Which brings me to the end of book 6 of Kresley Cole’s Immortals After Dark – the series that has, as you know, swallowed me whole.

I think one of the reasons those last two books caught me in such a non-stop way was that the heroes were demons. For people who read paranormals regularly, demons are probably a bit old hat. For me they were a revelation, and a real head-scratcher.

Vampires, even for someone who doesn’t read much paranormal, are very familiar. (According to special k, the first vampire was Cain.) They drink blood, an act which normally brings a kind of pleasure to the biteee (when it doesn’t kill them) etc.

I just had no idea how she was going to fetishise demons.

It turns out that they have horns which are incredibly sensitive (i.e. you wouldn’t touch a demon’s horns in public unless you wanted to be particularly crude) and lengthen with rage/passion. When they claim their mate they go “fully demonic”, which includes their skin going red (which acts as a kind of stimulant) and their eyes going fully black. They grow top and bottom fangs which they use to, uh, bite their female in a particular muscle that stuns her. In other words, she goes completely still while they have their way with her.

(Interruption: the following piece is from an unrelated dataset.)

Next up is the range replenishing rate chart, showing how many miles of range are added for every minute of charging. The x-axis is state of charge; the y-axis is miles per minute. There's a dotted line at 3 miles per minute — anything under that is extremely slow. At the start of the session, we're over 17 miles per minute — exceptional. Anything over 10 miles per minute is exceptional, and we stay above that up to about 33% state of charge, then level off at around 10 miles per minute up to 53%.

Oh, don’t worry though, she can’t help her pleasure while it’s happening, either.

Can you see why it made me scratch my head? Not because of how bestial and random it is, but because it does actually work as a fetish – it comes off as erotic.

Will maybe think a bit more about why when it disturbs me less to do so.

what’s with vampires, anyway? (a naff little rant)

Just finished watching the second season of Being Human, and watched True Blood (s03e04) yesterday. So much blood.

I know vampires are huge right now, blah-di-blah. But what is it about those rivers of blood that makes me feel…

…safe?

It makes me think of the incredible description by Anne Rice in Interview with a Vampire when Louis drinks from his first human. I really wish I had the quote. Louis describes the way he can feel the heartbeat, the way he swoons inside the human until he almost dies with him.

Maybe that’s the fascination: vampires have intimate knowledge of what’s inside us, beyond DNA. They know, much better than us, what makes us human.